American Water secures new waiver for high-altitude drone flights

american water drone bvlos

American Water says it has earned a new waiver from the Federal Aviation Administration (FAA) that would allow the utility to fly its drones both beyond visual line of sight (BVLOS) and up to an altitude of 1,500 feet above ground level.

American Water uses its drone program to capture hundreds of thousands of images and aerial maps of critical assets annually. Aerial imagery helps the water and wastewater utility company to monitor its systems and improve the reliability of its services.

Last year, American Water secured a BVLOS waiver to safely inspect the facilities that become inaccessible for extended periods of time during flooding events. Now, the new authorization certificate provides the company with opportunities for enhanced environmental monitoring.

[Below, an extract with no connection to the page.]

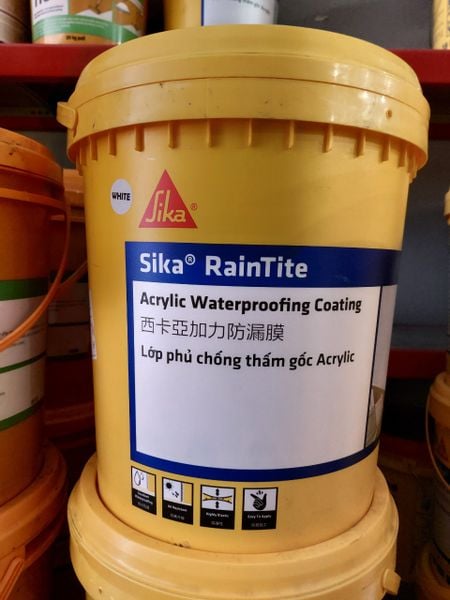 Sika RainTite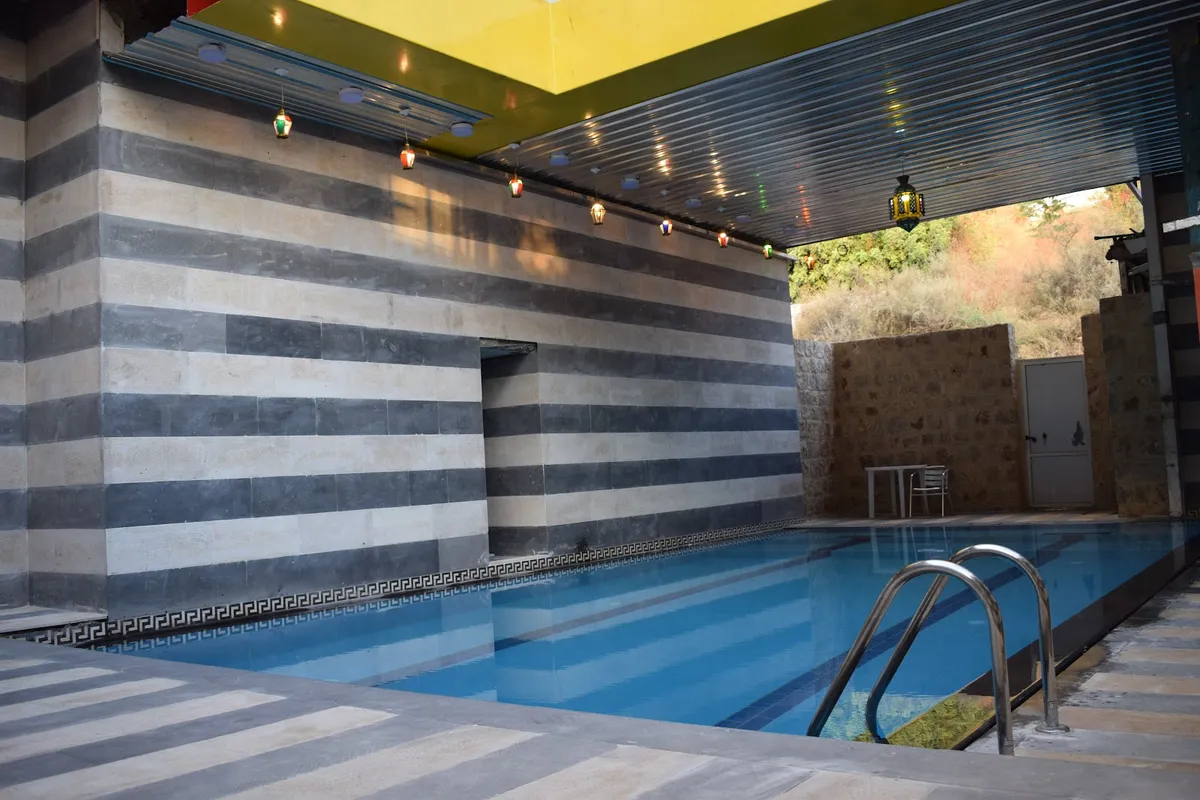 Warda وَرْدَة Lebanese Guesthouse, Jounieh exterior view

As Christopher Kahn, director of UAS at American Water, explains:

American Water is proud to earn this authorization from the FAA, which will allow us to fly three miles from a UAS pilot at an altitude of 1,500 feet to capture wide area mapping at high resolutions. This significant milestone will enhance the monitoring of source water and potential environmental threats to the water supply.

American Water uses Censys Technologies Sentaero BVLOS V2 aircraft for long-range mapping and inspection missions. The drone’s high-resolution cameras help to inspect facilities from miles away while staying in the air for over an hour. Trevor Perrott, CEO and co-founder of Censys Technologies, adds:

American Water earning this FAA approval is important for the integration of drones in the national airspace because it is an example of enterprise operation standardization across multiple applications. Through American Water’s leadership, our country is another step closer to making safe BVLOS drone missions commonplace. The exciting part is the story doesn’t end here.

American Water is also working closely with several government agencies and partner organizations to enable BVLOS drone missions during temporary flight restrictions, which are commonly in place after natural disasters. In New Jersey, for instance, the company has been collaborating with national, regional, and local emergency management agencies to demonstrate how drones can be used to support natural disaster recovery efforts and improve coordination between first responders.